Why not just modify chunks.text? The title would then appear in every search result's text field, which is redundant (title is already a separate field) and would confuse consumers that display results.

Why not reconstruct enriched text on-the-fly at search time? FTS5 uses an external content table and triggers — it needs a real column to index. Reconstructing via JOIN at FTS query time would defeat the purpose of the FTS index.

2. Point FTS5 at enriched_text instead of text

Update the FTS5 virtual table definition and its sync triggers to index enriched_text rather than text. This is the core change that makes titles searchable via keyword search.

Since FTS5 external content tables cannot be ALTERed, existing databases require a rebuild: drop and recreate chunks_fts and its triggers, then repopulate. This is handled as a schema migration in init_schema.

3. Embed enriched_text instead of text

At ingestion time, pass enriched_text values to embed_texts() instead of raw chunk text. At reindex time, read enriched_text from the database. This makes titles searchable via vector similarity too.

4. Build enriched text in the worker, not in the ingest modules

The enrichment format is: "{title}\n\n{chunk_text}" or "{title} > {section_header}\n\n{chunk_text}" when a section header exists in chunk metadata.

This happens in worker._process_job() after chunking and before embedding/insertion. The ingest modules remain unchanged — they continue to return raw chunk text and metadata.
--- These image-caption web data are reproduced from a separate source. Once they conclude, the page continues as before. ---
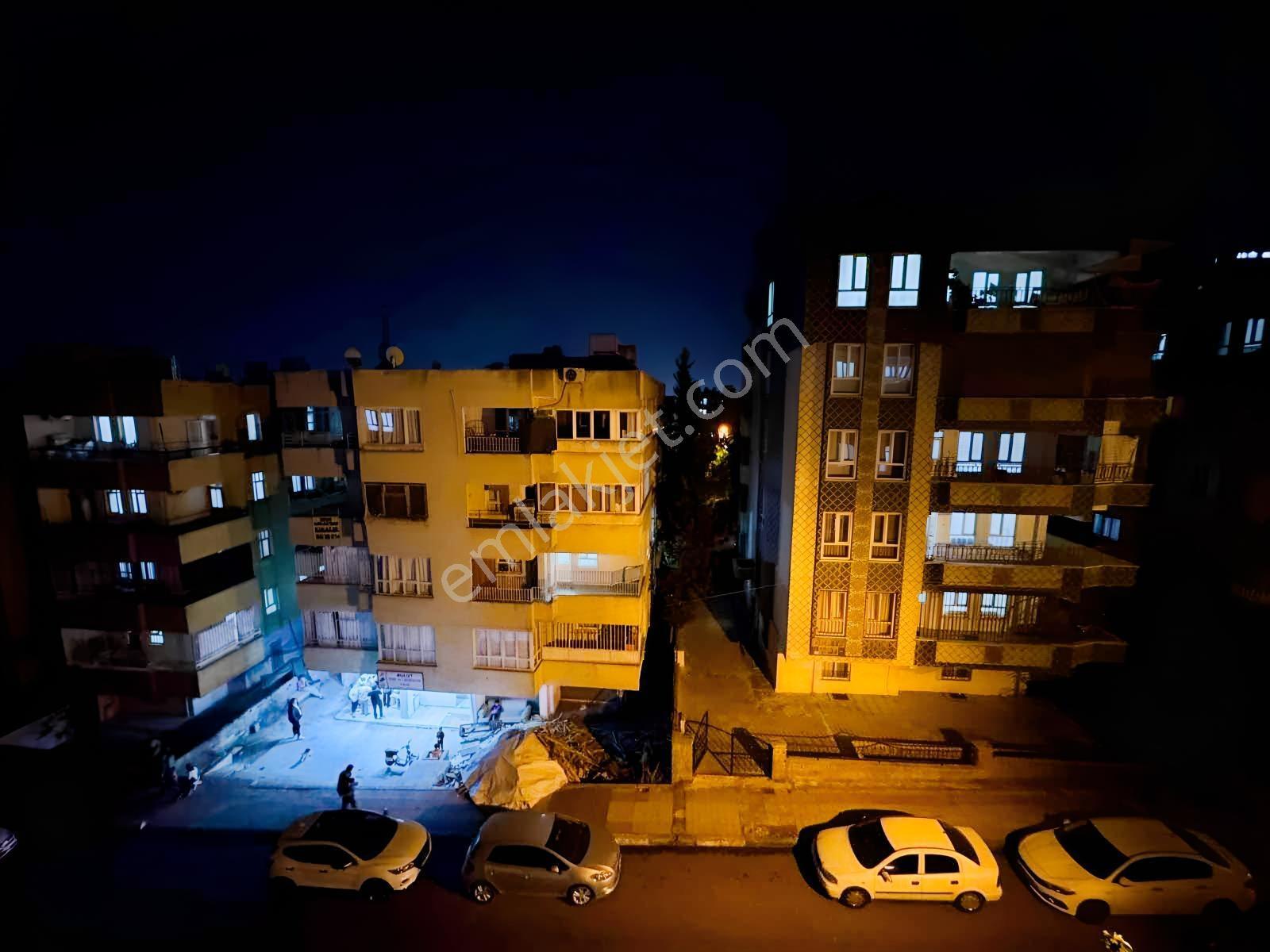 Geylani Emlak'tan Acil 3+1 165 M2 Son Kat — fotoğraf 5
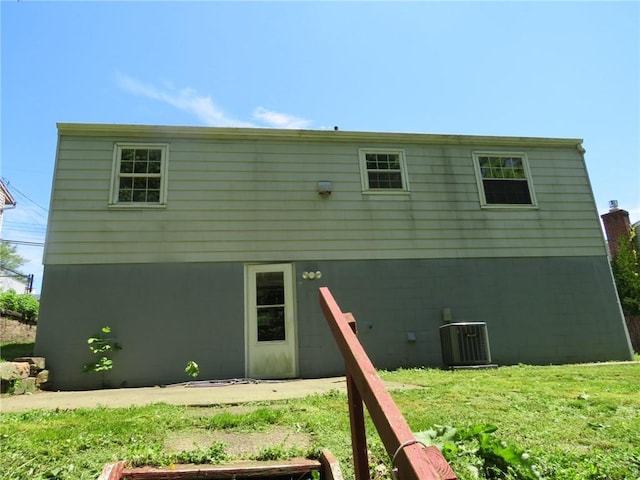 973 Glen Hayes Dr, Moon/Crescent Twp, PA 15046 - back of house featuring central air condition unit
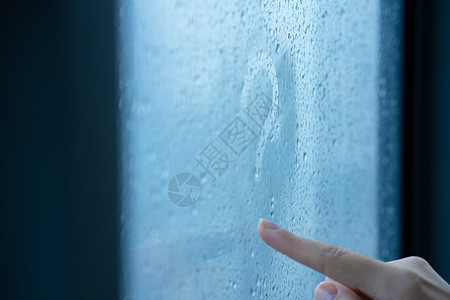 下雨时 女性的手在雾蒙蒙的窗户上画了一个问号 一杯水滴雨滴蓝色季节女孩宏观绘画女士气泡蒸汽玻璃图片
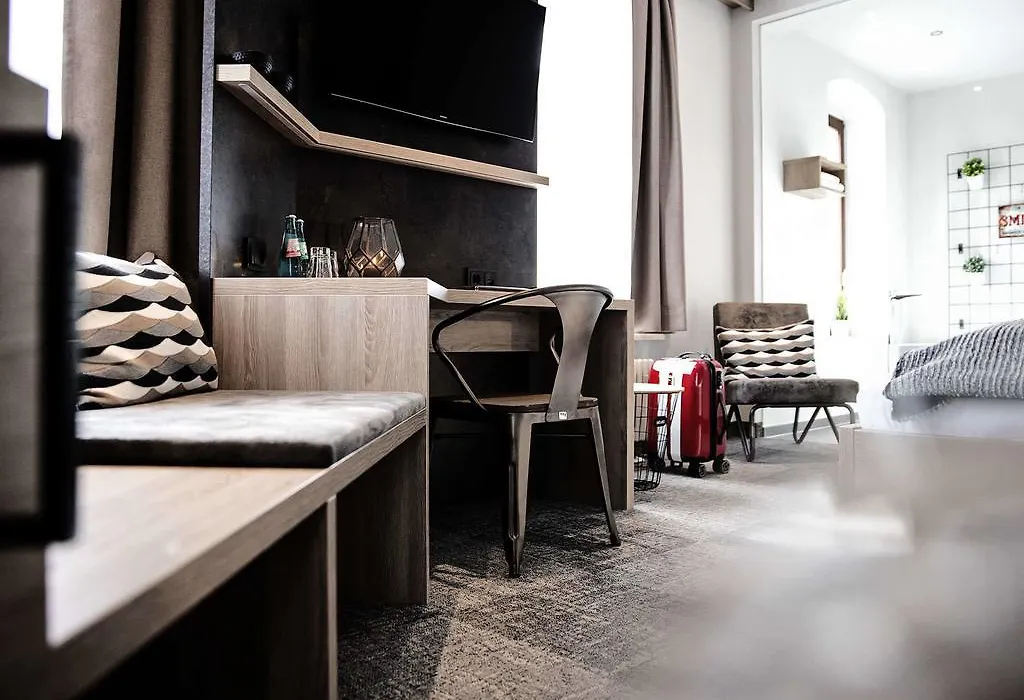 Alexxanders Hotel & Boardinghouse, Restaurant-1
5. Schema migration adds enriched_text and rebuilds FTS

The init_schema function will:

  1. Add enriched_text TEXT column to chunks if missing
  2. Backfill enriched_text from existing data (join with documents.title and chunk metadata)
  3. Drop and recreate chunks_fts to index enriched_text instead of text
  4. Recreate the FTS sync triggers

This is safe because the migration only runs when the column is missing (first startup after upgrade). The backfill uses a single UPDATE...FROM query.

Risks / Trade-offs

Slightly larger database — Each chunk stores the title string twice (once in enriched_text, once via the document FK). For a typical KB with short titles this is negligible (< 1% size increase). → Acceptable for the search quality improvement.

FTS rebuild on upgrade — First startup after upgrade will rebuild the FTS index, which takes a few seconds for large KBs. → This is a one-time cost and happens automatically.

Embedding drift — Existing vector embeddings won't include title context until kb reindex is run. The FTS backfill happens automatically, but vectors require an explicit reindex. → Document this in release notes. The FTS improvement alone is a significant win even without reindexing vectors.

Title changes not propagated — If a document's title were ever updated, enriched_text would be stale. Currently the engine has no title-update endpoint, so this is not a concern. → No mitigation needed now. If title editing is added later, it should update enriched_text.